You’ll also notice that these terms are extremely generic – “creator” for example. Again, they must be this generic because Dublin Core is meant to be useable to describe any type of resource. You may look at this list and think these elements are TOO generic to be really useful. To try and change that, Dublin Core is defined in two types: qualified and unqualified. Unqualified is just using this list of fields, exactly as they are written here. Qualified Dublin Core allows the specification of a refinement of the meaning of the field or the encoding scheme used for the field. The first of these, refining the meaning of the field, would be used, for example, with “creator.” A qualifier could specify what role that creator had in the development of the resource. The second, specifying the encoding scheme, could be used, for example, with the “subject” field, to indicate the name of the controlled vocabulary from which a subject was taken. Unfortunately, OAI requires unqualified Dublin Core to be used, so the harvester couldn’t take advantage (at least in phase 1) of the greater specificity of description provided by qualifiers.
Even though unqualified DC is required for OAI, there are some reasons why it’s not the best metadata format to use for describing and searching sheet music collections.
Although it doesn’t specifically limit its scope to online materials, DC was designed in the networked world. Field definitions tend to work better for networked materials. For example, the “format” element description suggests using internet mime types.

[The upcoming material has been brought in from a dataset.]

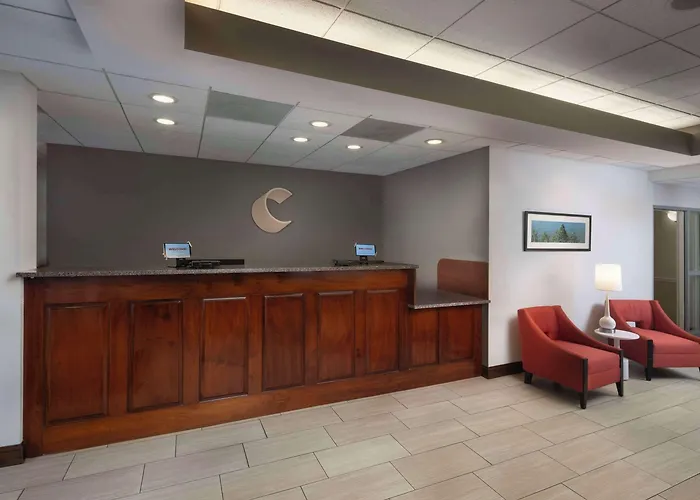 Comfort Inn & Suites University Area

Many of the DC fields have suggestions for controlled vocabularies to use. Internet mime types for format is one example. For subject, “recommended best practice” is to use terms from a CV, but no specific ones are identified. But DC itself does not require field values to conform to these suggestions.
As we saw earlier, using unqualified DC doesn’t offer a great deal of specificity for describing resources. Sheet music has specific needs that DC can’t meet. For example, being able to distinguish between composers, lyricists, and arrangers is important for users of sheet music collections.
Despite our efforts to clarify DC field definitions for use with the harvester, it is inevitable that the fields would be used differently by different institutions.
Duke (rare materials emphasis) and IU (little authority control) had records in MARC too, but these weren’t contributed in phase 1 of the project.
Very specific info, for example: subject type (LCSH, AAT, TGM), dedicatee, recordings available
Very specific for sheet music, not good even for other types of printed music.
No authority control
MARC has more fields than custom DBs, but custom DBs have more applicable fields. Many MARC records don’t have relator codes, so we don’t know who’s a composer and who’s a lyricist.
Even if each individual collection was under name authority, they still might not interoperate. But the problem was much worse – there wasn’t even agreement on name order!
Local subject vocabs in use, so even a complex mapping between LCSH, AAT, TGM wouldn’t solve the problem.